How the right kind of image can strengthen and reinforce the value proposition of a Facebook ad Experiment ID: #9011

Boys Town

Experiment Summary

Ended On: 5/17/2018

Boys Town offers a free email series for parents on bullying. Through previous testing, they had found that long, story-based copy works best in their Facebook ads to acquire more names through the series. To build up on that learning, they hypothesized that a different photo might also impact conversion. They developed a treatment ad that showed the face of a child who looked sad – as if he had been bullied and tested this against the original image that showed a child who was sad, but you couldn’t see their face. They didn’t change any other element of the ad.

Research Question

Would a new image increase conversion?

Design

C: Full image of boy
T1: Image of boy's face

Results

Treatment Name Conv. Rate Relative Difference Confidence
C: Full image of boy 0.10%
T1: Image of boy's face 0.35% 259.2% 100.0%

This experiment has a required sample size of 3,957 in order to be valid. Since the experiment had a total sample size of 113,456, and the level of confidence is above 95% the experiment results are valid.

Flux Metrics Affected

The Flux Metrics analyze the three primary metrics that affect revenue (traffic, conversion rate, and average gift).

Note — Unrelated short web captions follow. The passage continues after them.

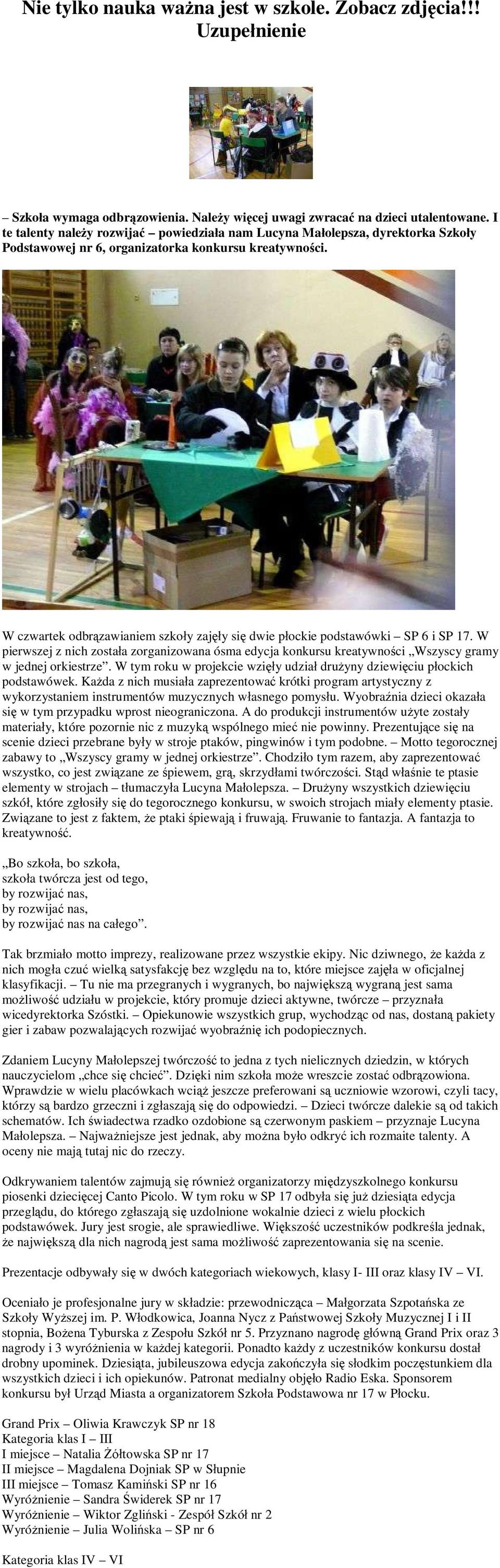 W czwartek odbr zawianiem szko y zaj y si dwie p ockie podstawówki SP 6 i SP 17. W pierwszej z nich zosta a zorganizowana ósma edycja konkursu kreatywno ci Wszyscy gramy w jednej orkiestrze.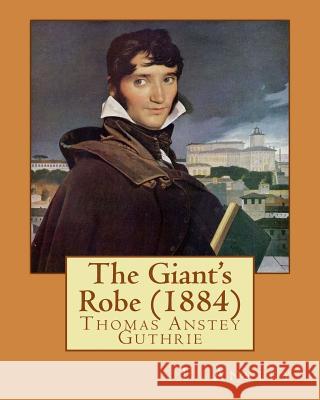 The Giant's Robe (1884). By: F. Anstey (Thomas Anstey Guthrie): One of Antsey's very few serious novels. Anstey, F. 9781544208091 Createspace Independent Publishing Platform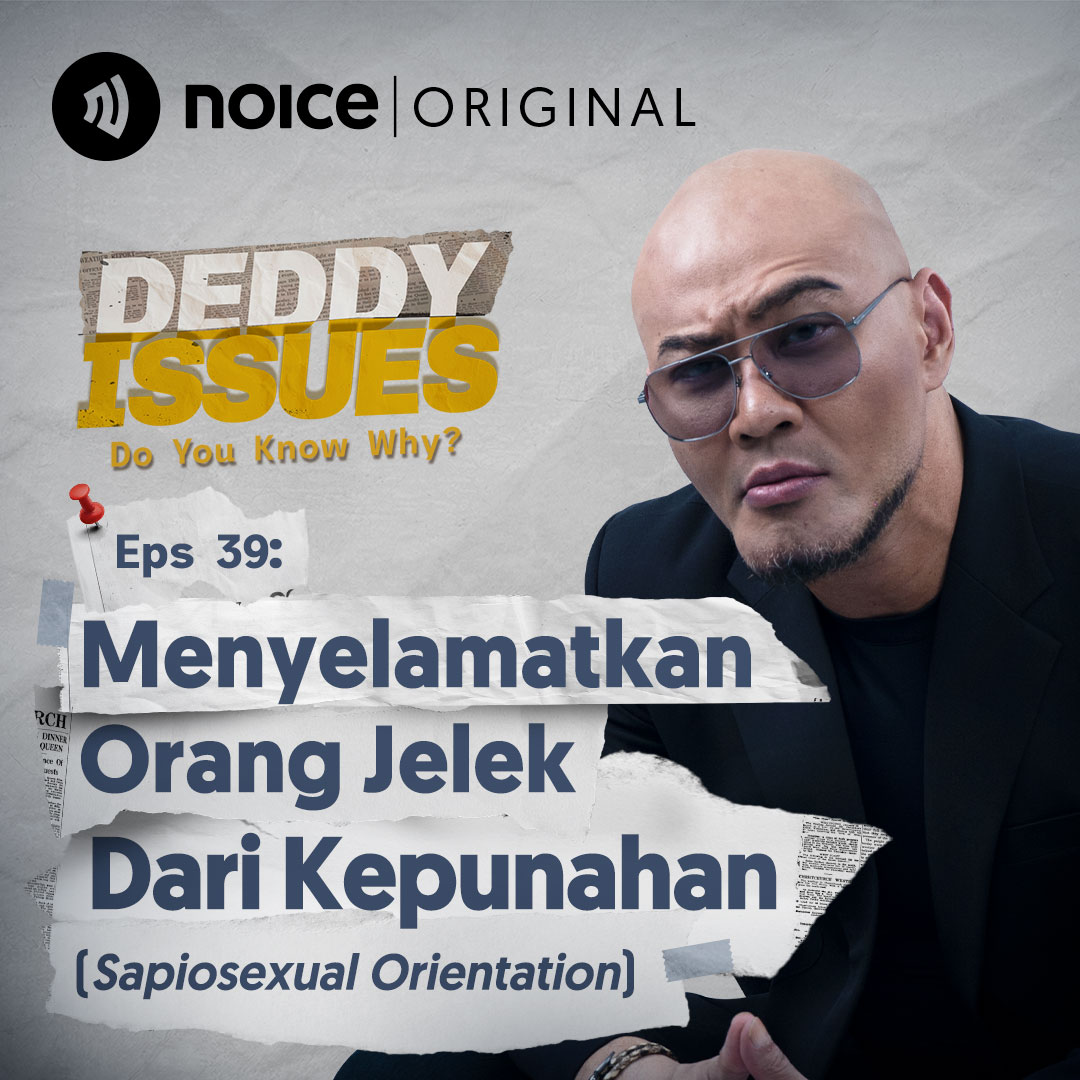 Eps 39: Menyelamatkan Orang Jelek Dari Kepunahan (Sapiosexual Orientation)
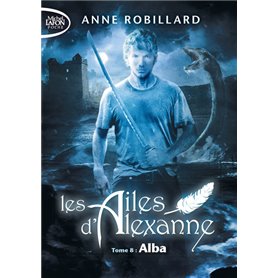 Les Ailes d'Alexanne - tome 8 Alba - Tome 8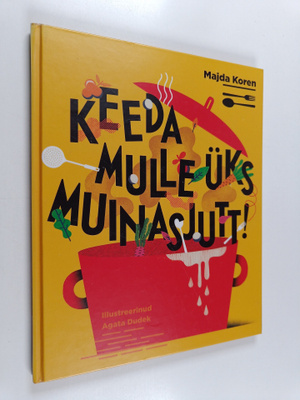 Majda Koren : Keeda mulle uks muinasjutt!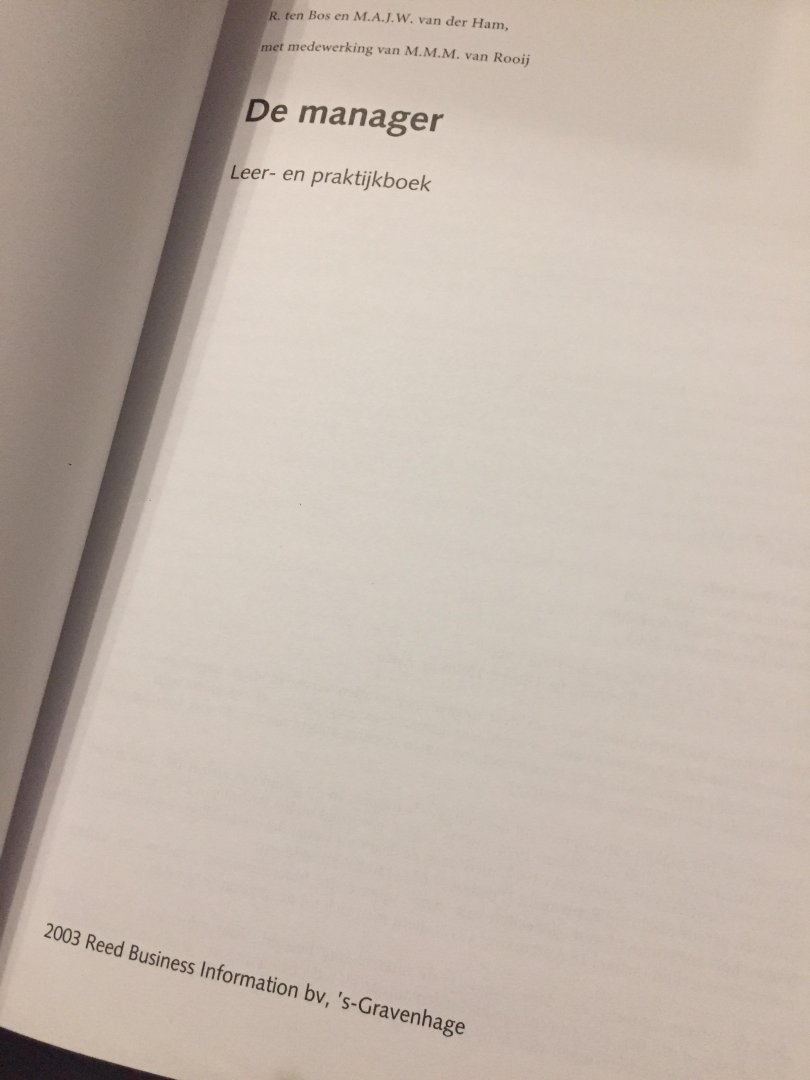 Bos, R. ten, Ham, M.A.J.W. van der, Rooij, M.M.M. van - De manager / leer- en praktijkboek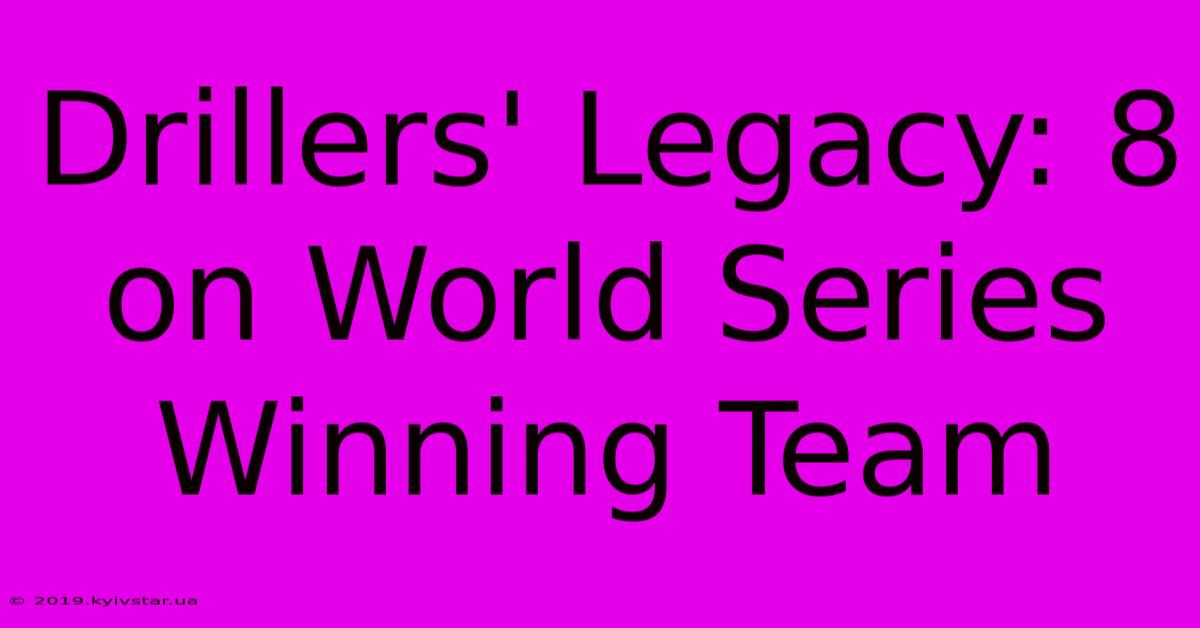 Drillers' Legacy: 8 On World Series Winning Team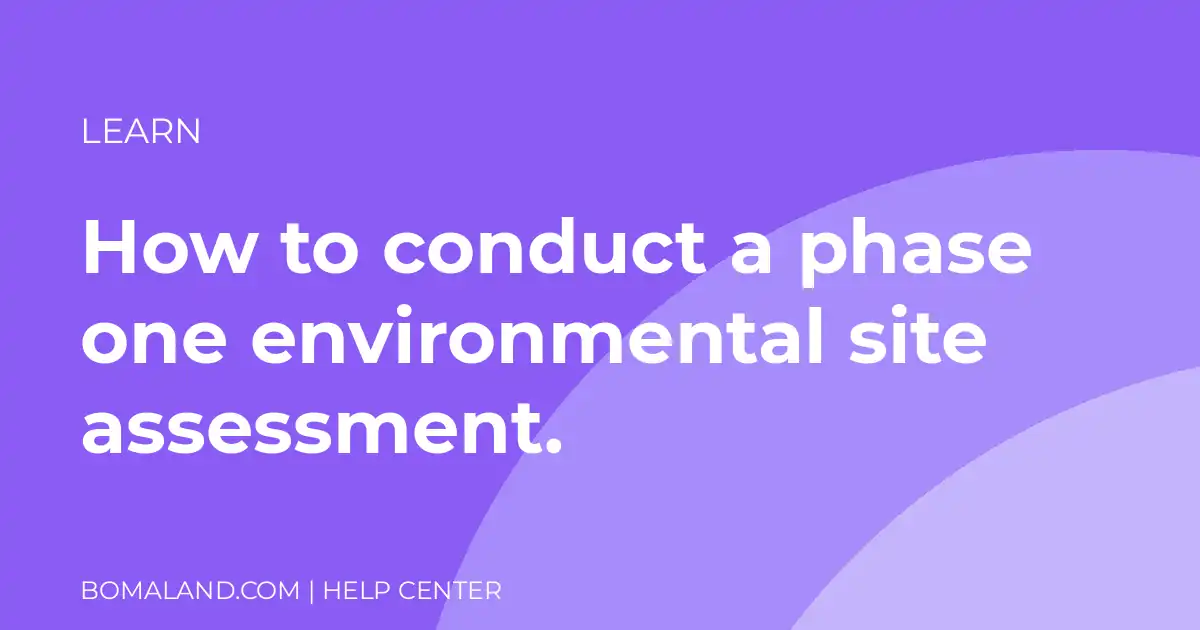 How to conduct a phase one environmental site assessment.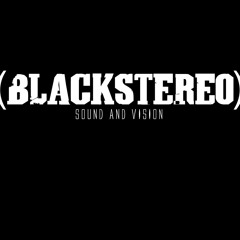 Blackstereo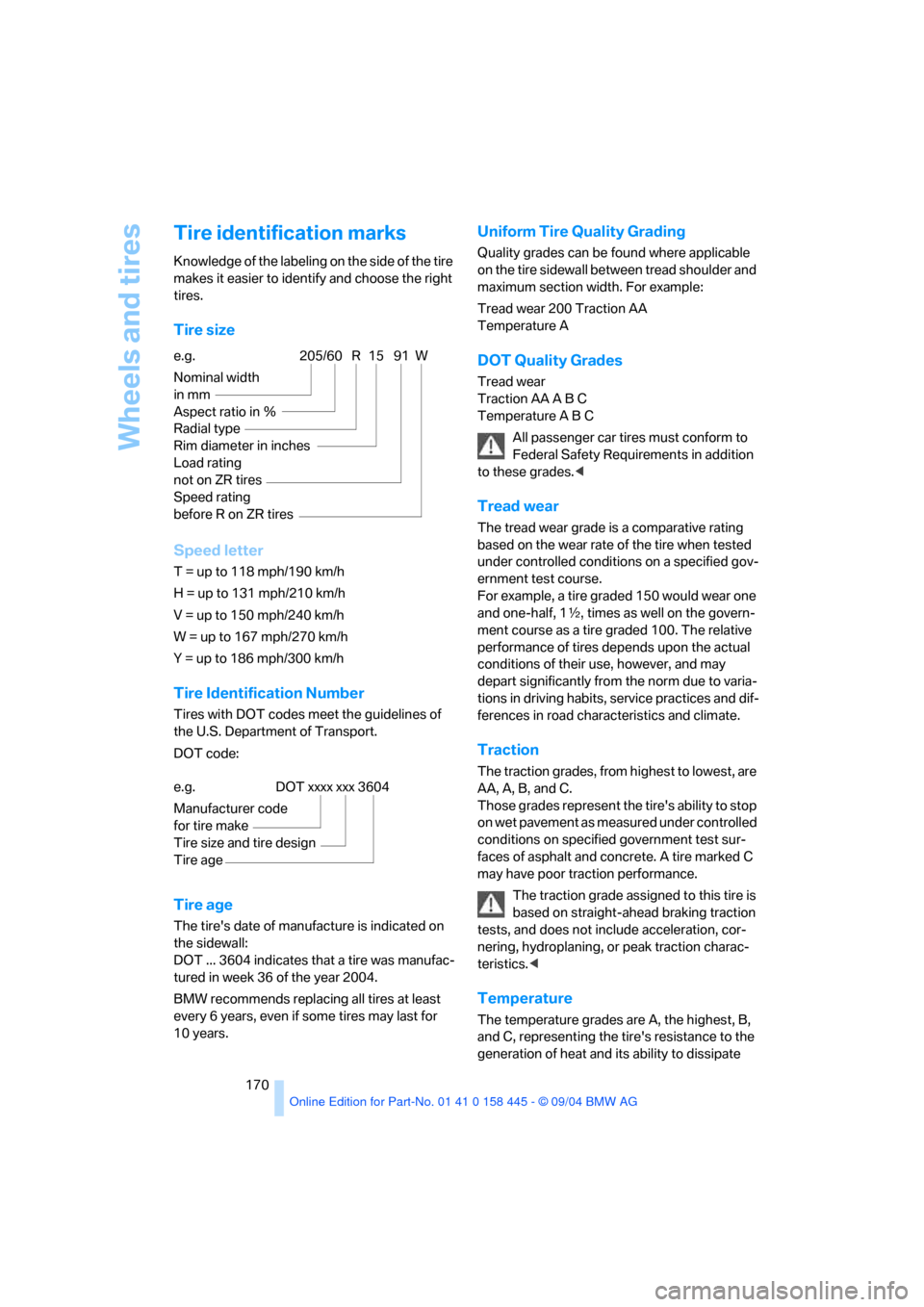 BMW 645I COUPE 2005 E63 Owners Manual Wheels and tires
170
Tire identification marks
Knowledge of the labeling on the side of the tire 
makes it easier to identify and choose the right 
tires.
Tire size
Speed letter
T = up to 118 mph/190 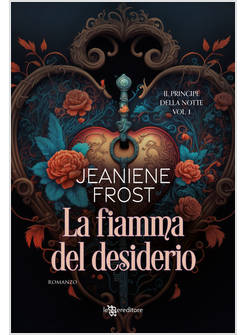 FIAMMA DEL DESIDERIO. IL PRINCIPE DELLA NOTTE (LA). VOL. 1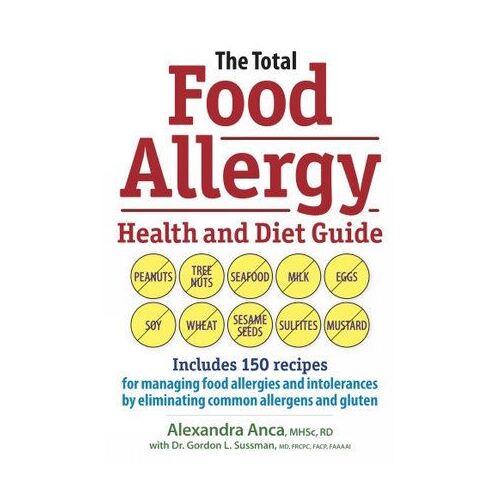 Total Food Allergy Health and Diet Guide, The: Includes 150 Recipes for Managing Food Allergies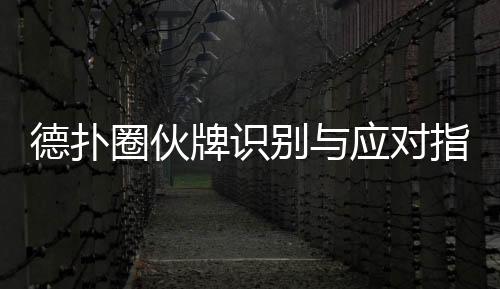 德扑圈伙牌识别与应对指南(2025最新)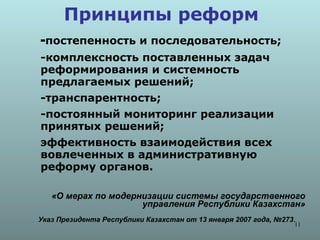 Принципы реформ
-постепенность и последовательность;
-комплексность поставленных задач
реформирования и системность
предлагаемых решений;
-транспарентность;
-постоянный мониторинг реализации
принятых решений;
эффективность взаимодействия всех
вовлеченных в административную
реформу органов.

   «О мерах по модернизации системы государственного
                     управления Республики Казахстан»
Указ Президента Республики Казахстан от 13 января 2007 года, №273.
                                                                 11
 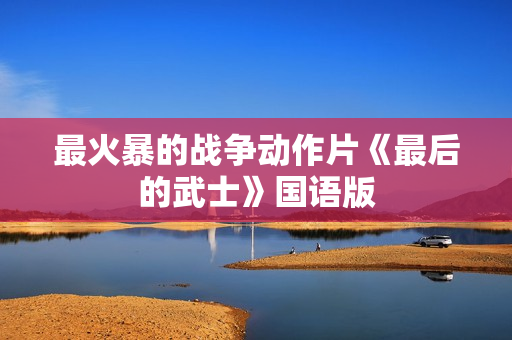 最火暴的战争动作片《最后的武士》国语版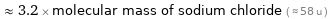  ≈ 3.2 × molecular mass of sodium chloride ( ≈ 58 u )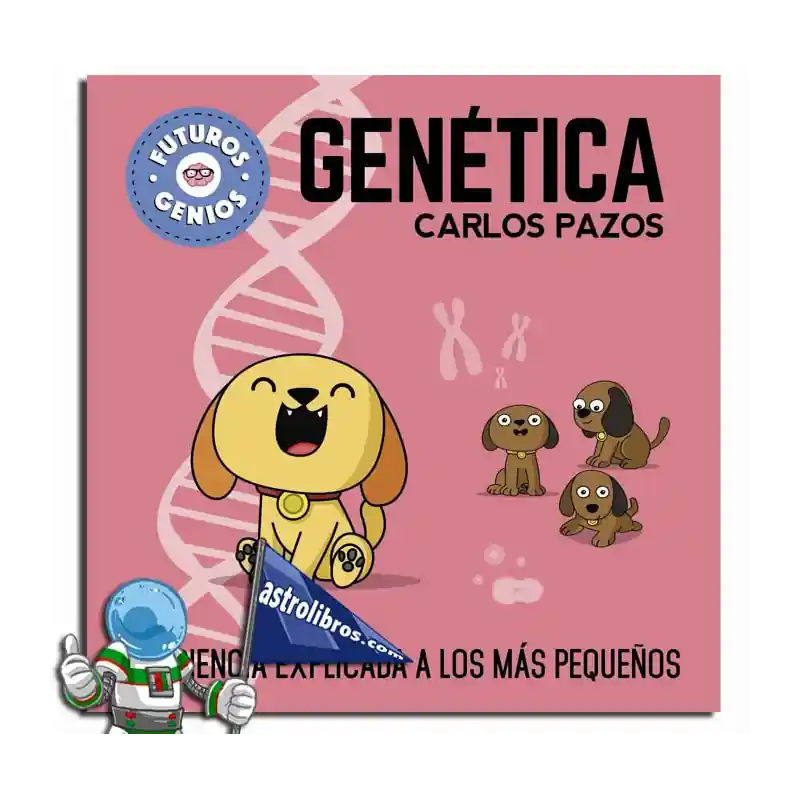 GENÉTICA FUTUROS GENIOS LA CIENCIA EXPLICADA A LOS MÁS PEQUEÑOS Precio Rebajado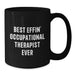 Funny Occupational Therapist Gifts, Black Coffee Mug for Her, Gifts from Friends, Best Effin' Therapist Ever - Additional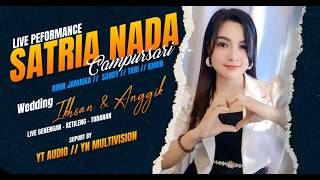 LIVE SATRIA NADA // WEDDING IKHSAN & ANGGIK // KETILENG 31 MARET 2026 // YT AUDIO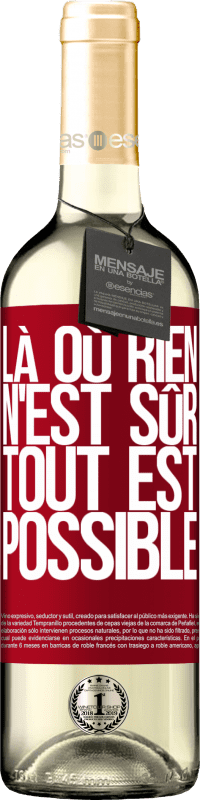 29,95 € | Vin blanc Édition WHITE Là où rien n'est sûr, tout est possible Étiquette Rouge. Étiquette personnalisable Vin jeune Récolte 2024 Verdejo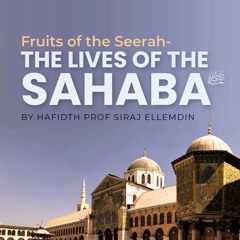 Seerah Program By Hafiz Prof Siraj Ellemdin - Fruits Of The Seerah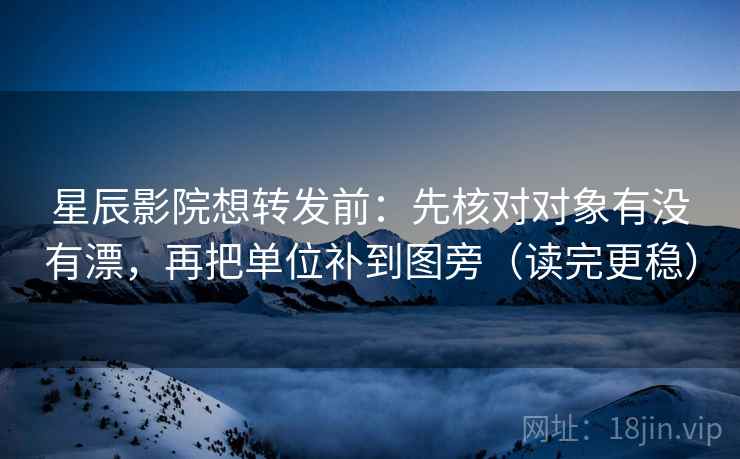 星辰影院想转发前：先核对对象有没有漂，再把单位补到图旁（读完更稳）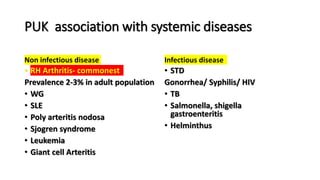 PUK association with systemic diseases
Non infectious disease
• RH Arthritis- commonest
Prevalence 2-3% in adult population
• WG
• SLE
• Poly arteritis nodosa
• Sjogren syndrome
• Leukemia
• Giant cell Arteritis
Infectious disease
• STD
Gonorrhea/ Syphilis/ HIV
• TB
• Salmonella, shigella
gastroenteritis
• Helminthus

This experiment produced the following results:

    0% increase in traffic
× 259.2% increase in conversion rate
× 0% increase in average gift

Key Learnings

By simply changing out just the image of the Facebook ad, they were able to increase name acquisition by 259%! In addition to that, this also decreased the cost per name acquired by 64%. The treatment image, in this case, reinforced the hurt that comes from bullying as described in the copy. This experiment really shows the significant impact that the right kind of images can have on conversion rate and cost and how images can be used to strengthen and reinforce the value proposition to increase the appeal of the offer.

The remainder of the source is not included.